• Problem details
Please give the records below again in full, exactly, with the images left out.

• Records
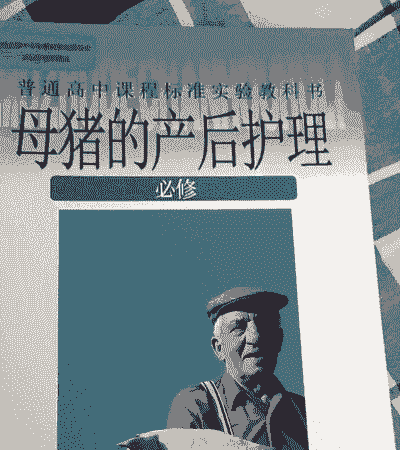 母猪产后护理哪个学校有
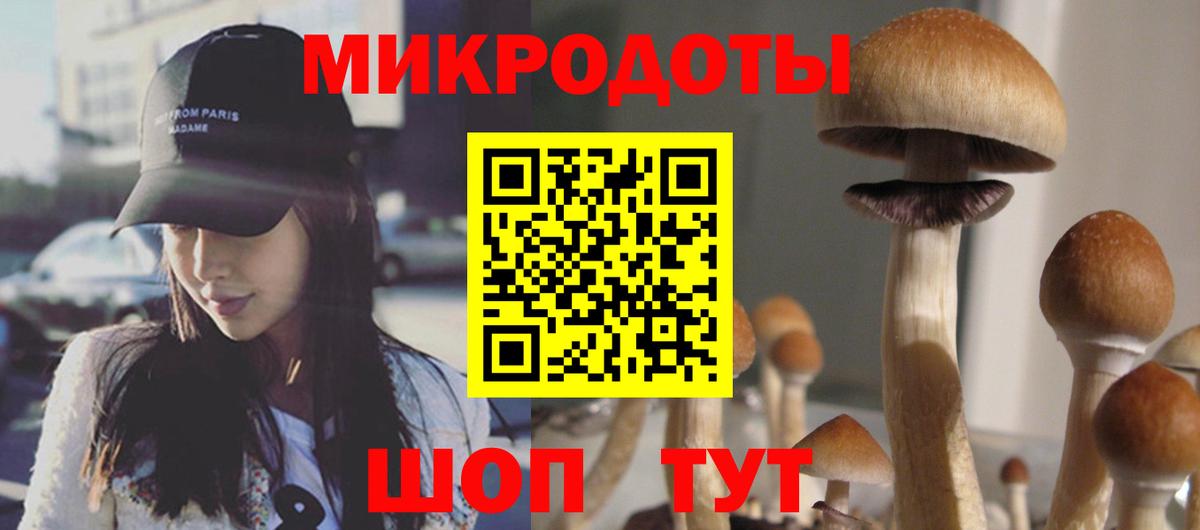 Галлюциногенные грибы Psilocybe  Псилоцибиновые грибы мухоморы  цена   Благодарный 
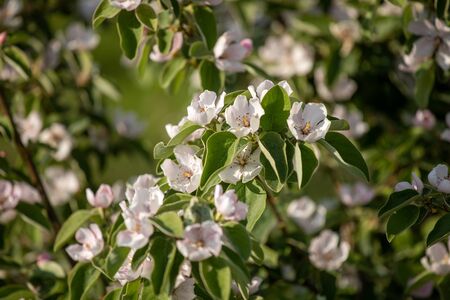 Quince flowers fruit tree in spring flowering branchの写真素材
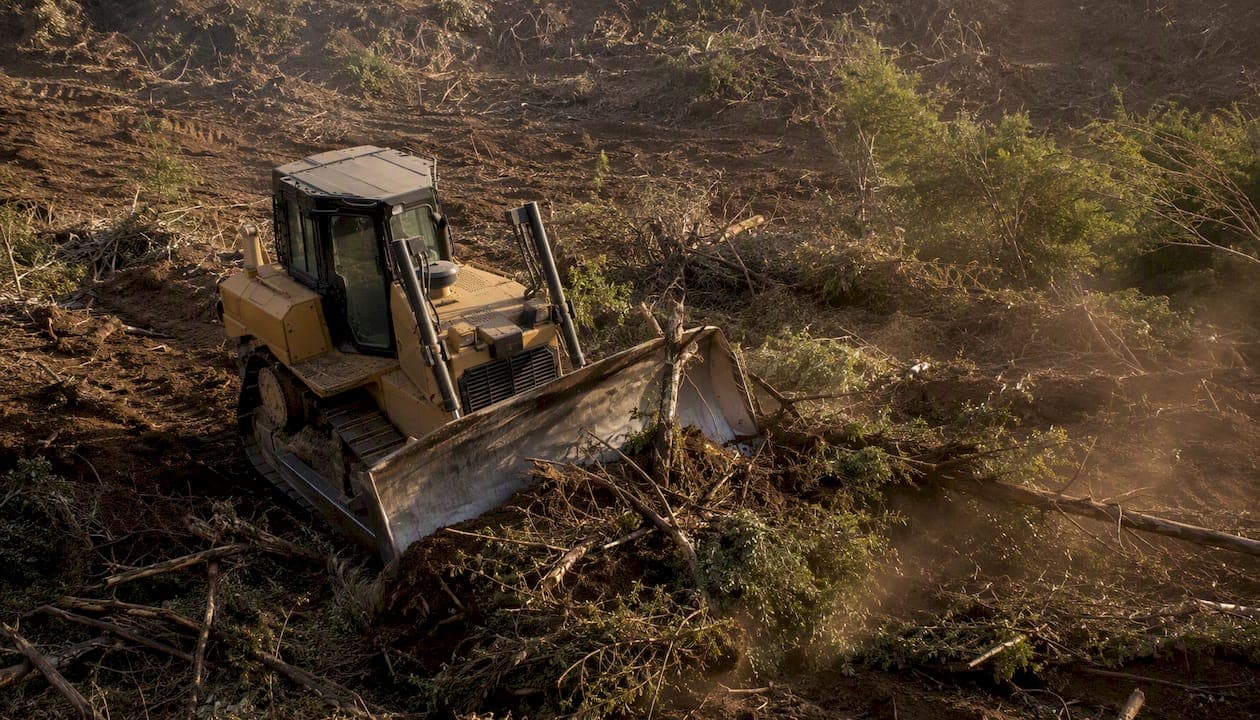What Land Clearing Actually Costs in 2026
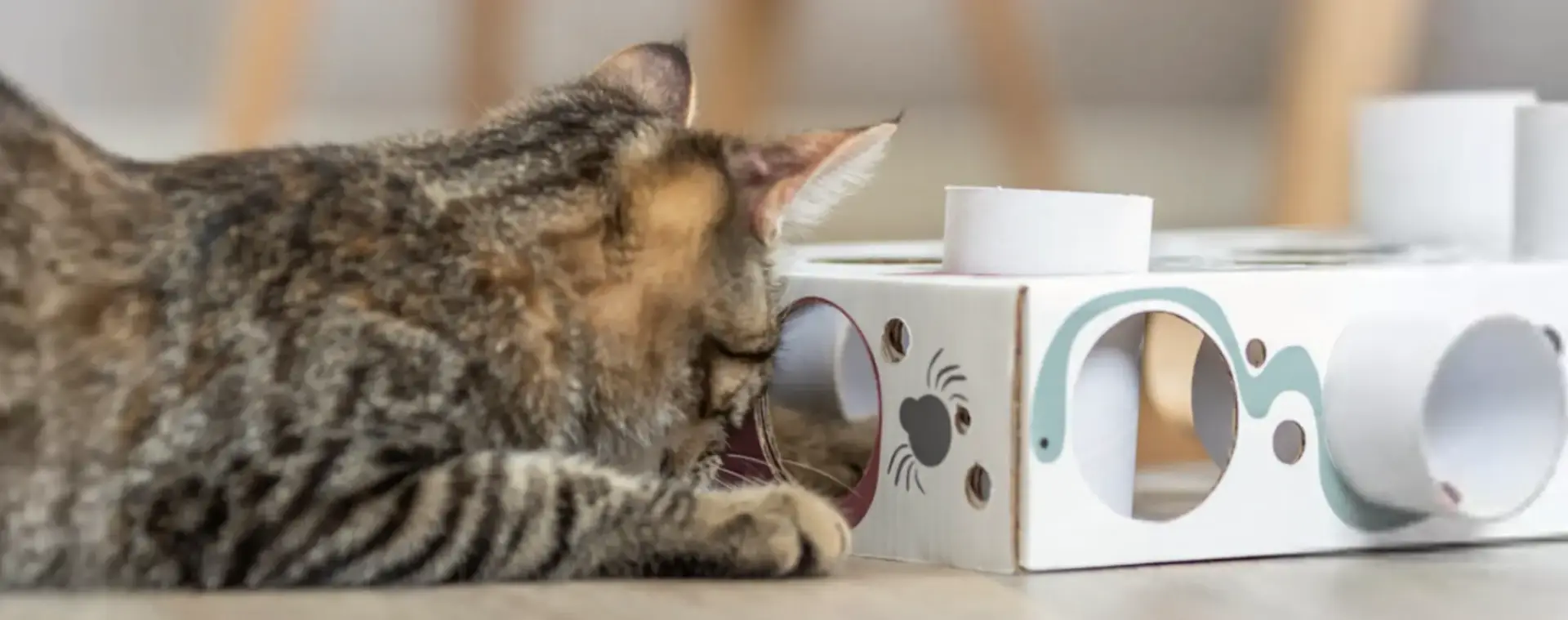 voedselverrijking voor katten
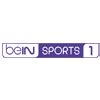 chaines bein sport sfr|beIN SPORTS : Sports en Direct et Replay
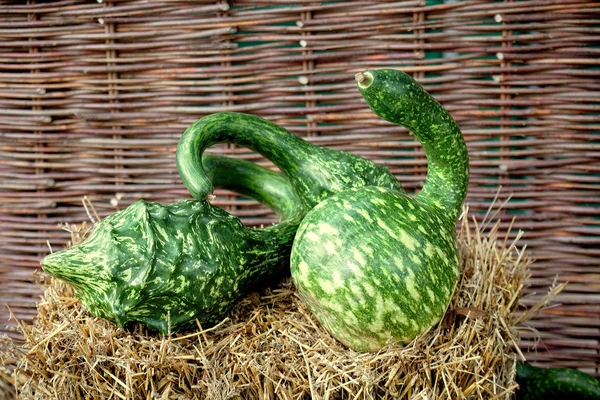 Zucche di autunno su tavola di legno — Foto Stock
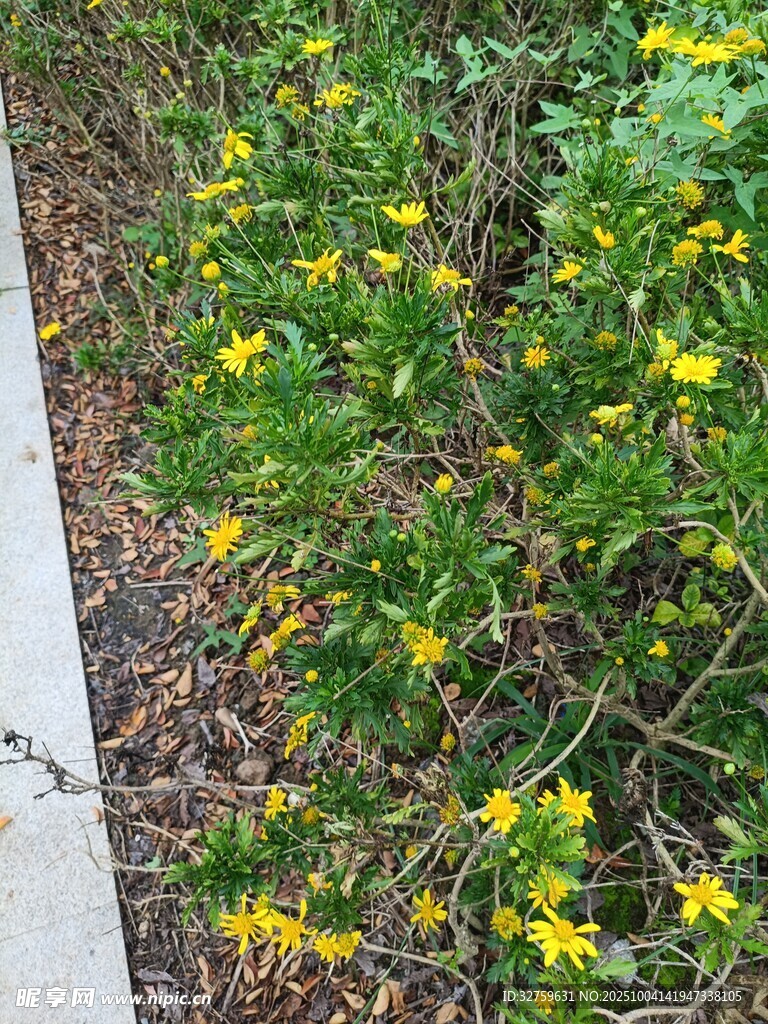 路邊綻放的黃色小野花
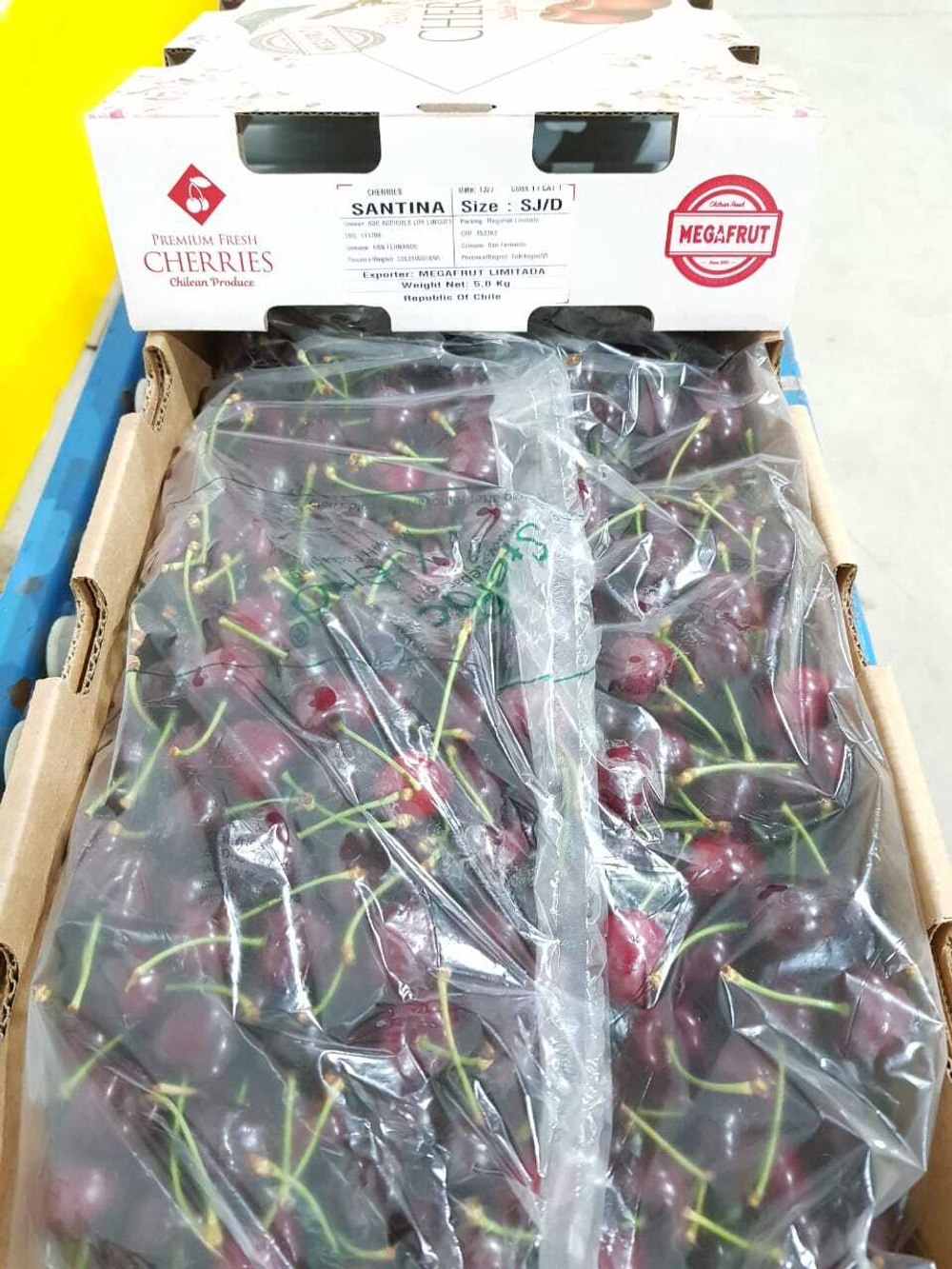 черешня чилийская сорт Bing, lapins ,Van.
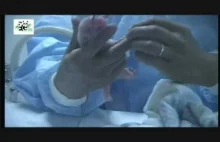 Film przedstawiający narodziny małej pandy.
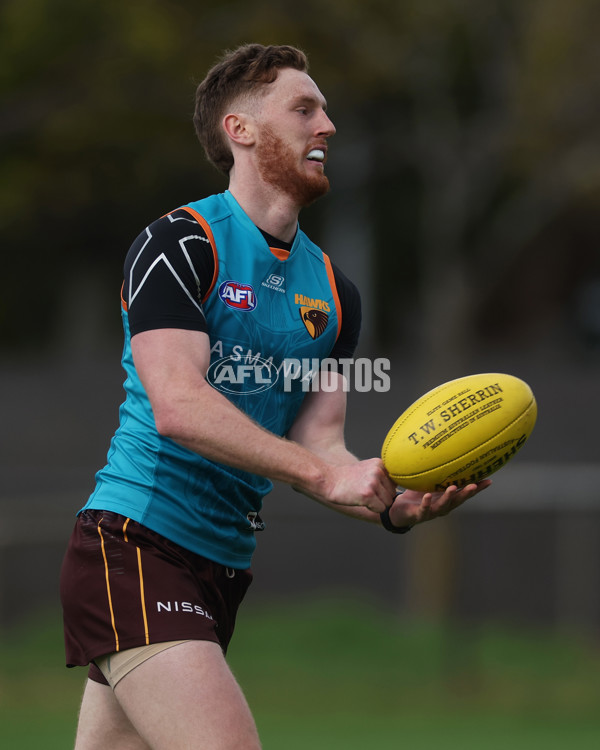 AFL 2024 Training - Hawthorn 220824 - A-53323158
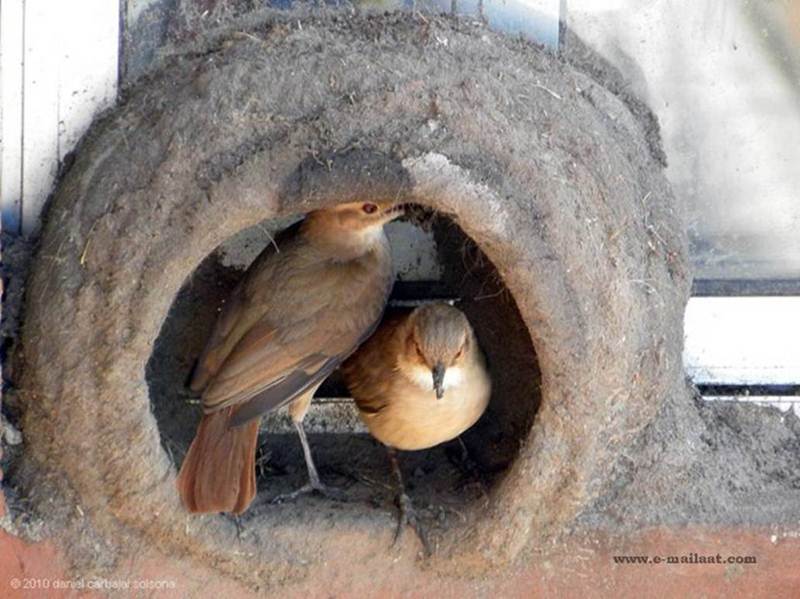 Natural Builder Hats of to Them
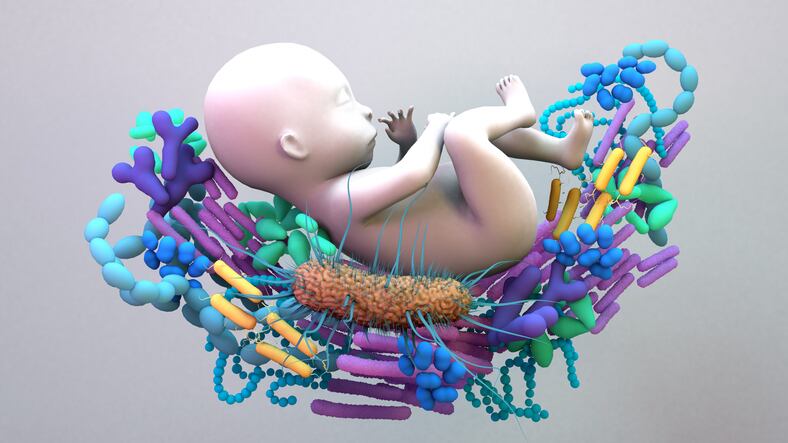 The infant mycobiota: Research needed to understand the complex ecosystem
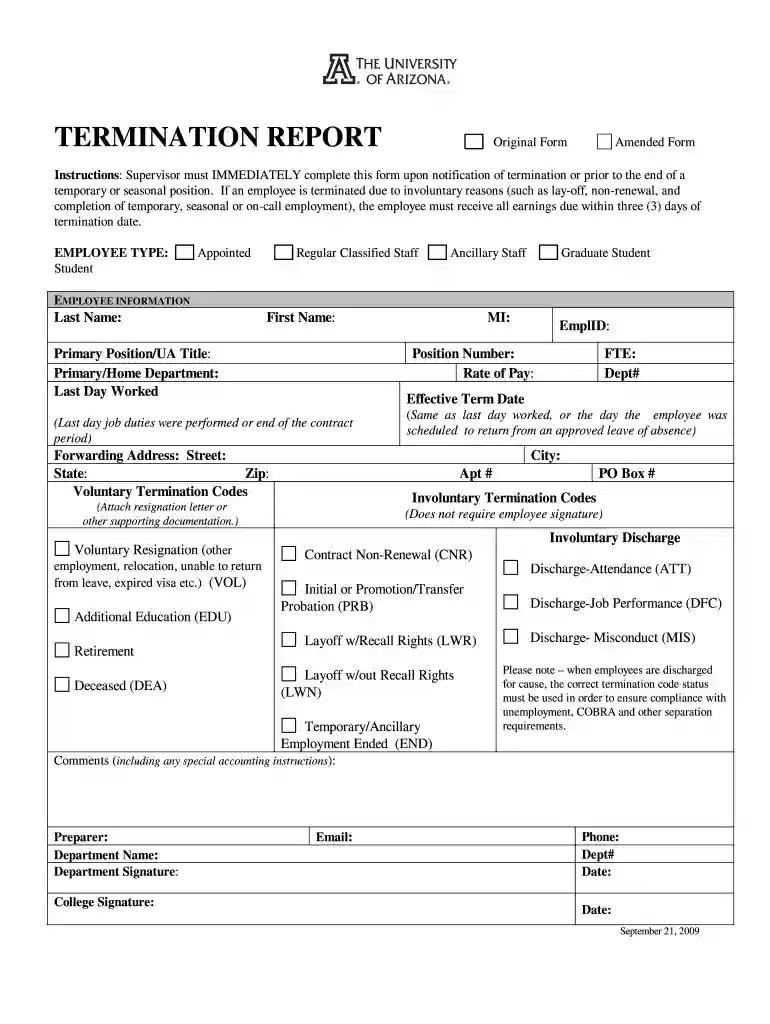 termination report template Preview on Page 1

• Exercise solution
 母猪产后护理哪个学校有
 Галлюциногенные грибы Psilocybe  Псилоцибиновые грибы мухоморы  цена   Благодарный 
 Quince flowers fruit tree in spring flowering branchの写真素材
What Land Clearing Actually Costs in 2026
 voedselverrijking voor katten
 chaines bein sport sfr|beIN SPORTS : Sports en Direct et Replay
 Zucche di autunno su tavola di legno — Foto Stock
 路邊綻放的黃色小野花
 черешня чилийская сорт Bing, lapins ,Van.
 Film przedstawiający narodziny małej pandy.
 AFL 2024 Training - Hawthorn 220824 - A-53323158
 Natural Builder Hats of to Them
 The infant mycobiota: Research needed to understand the complex ecosystem
 termination report template Preview on Page 1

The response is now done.